Beautiful stories. There is an intimacy between Kaka and me—over the years, he has become a kind of parent. So, I can lovingly order him around: now you sit here, now you sing. He smokes his bidi and tells me most of the words of Kusum’s song and says we have such songs too, but we don’t sing them this way. These are biraho songs, songs of separation and longing. How does your song go? He sings a bit and stops. I don’t sing such songs. Why? Because it hurts, is it? Yes. You remember things. Your own things.

Then, there was my conversation with Bishu.
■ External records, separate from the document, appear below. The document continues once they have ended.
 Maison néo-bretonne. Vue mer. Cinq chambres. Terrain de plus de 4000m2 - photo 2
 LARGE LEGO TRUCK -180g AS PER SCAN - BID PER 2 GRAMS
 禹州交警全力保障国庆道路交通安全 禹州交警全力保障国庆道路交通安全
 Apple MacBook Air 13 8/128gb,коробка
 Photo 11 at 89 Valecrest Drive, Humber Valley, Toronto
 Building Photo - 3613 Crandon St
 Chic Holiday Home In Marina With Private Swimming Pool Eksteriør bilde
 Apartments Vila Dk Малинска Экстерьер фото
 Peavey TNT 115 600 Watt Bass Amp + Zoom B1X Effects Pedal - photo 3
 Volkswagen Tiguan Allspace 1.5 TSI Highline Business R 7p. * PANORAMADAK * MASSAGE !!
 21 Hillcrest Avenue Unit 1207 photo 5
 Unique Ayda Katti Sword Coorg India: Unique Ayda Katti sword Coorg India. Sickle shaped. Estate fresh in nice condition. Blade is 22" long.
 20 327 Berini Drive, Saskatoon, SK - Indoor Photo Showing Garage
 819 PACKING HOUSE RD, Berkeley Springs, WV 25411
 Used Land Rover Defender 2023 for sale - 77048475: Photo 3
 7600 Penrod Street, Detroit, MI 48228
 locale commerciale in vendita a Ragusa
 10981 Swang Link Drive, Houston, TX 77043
Bishu in Joypur, Bhaddi, Purulia. 2005. Photo: Sudheer Palsane

 

 

Telephonic conversation with Biswanath Dasgupta (Bishu) , 18 and 27 January 2021.

 

Bishu grew up in Joypur Purulia. His father was a doctor. They are not local in the same way as Kaka is, they are outsiders, arrived in this place for professional reasons, the educated middle-class. But Bishu is local in his own way. He grew to love the language and culture of Purulia, he never thought of leaving. I guess he was in his late twenties when we met, will be 42-43 now. He has deep knowledge of the folk arts of the entire Purulia, Bankura, Jharkhand regions, places of Jhumur and Chhau (the masked dance). He has worked as a theatre activist and organised folk festivals for decades. He has been a kind of conduit between the metropolis and his region. Bishu had taken us to Amulya Kaka in 2005. For about a decade we had not been in touch. Then we connected again.

 

Bishu wrote this song in my notebook in Joypur, Bhaddi, Purulia in 2005.

 

Before I sent the file to Bishu we were talking about nachnis and why the women leave home. Bishu expresses himself in a way different from Amulya Kaka, he talked about sringar rasa—the essence of erotic love. He said they are often widows. The cry of the bhaduria jhumur pulls them out of their homes. He talked about Sindhubala, the renowned nachni who tried to bring recognition to their community and her artform. ‘She was 92 at the time and she said, you see Raja—she used to call me Raja [Bishu stresses on the ‘j’ and rolls the r, rrajjaa, he says]—she said, I am so immersed in this rasa that my life is slowly shrinking away. Rawshe thaikte thaikte shukhai gelam. And I said, how so? How can you be drowning in rasa and yet go dry? Even at ninety you are drinking, singing, and you say you are going dry? And she said, that is how it is. That is how it happens. It is this rasa which sucks the juices out of you.’ Then Bishu also talked about Kamala Jharia, the famous kirtan singer who had started life as a nachni.

 

Sindhubala Debi. Source: Internet.

 

When we talked again, Bishu had listened to the song and seen the film. He said, it is a treat to be able to see this. She is singing in Kurmali and dancing an ‘ekoira’ dance, meaning doing a solo performance. He talked about the evolution of nachni dance, those who sang and danced for the royal court, whose who performed for the ordinary people, then how the protocols of stage performance evolved. We also talked about the last time we met, the song he had taught me and I sang some lines.

 

Bishu sang ‘Kahan malin baje’ in 2005 in Amulya Kaka’s house, which I had learned from him. Recorded by Sukanta Majumdar.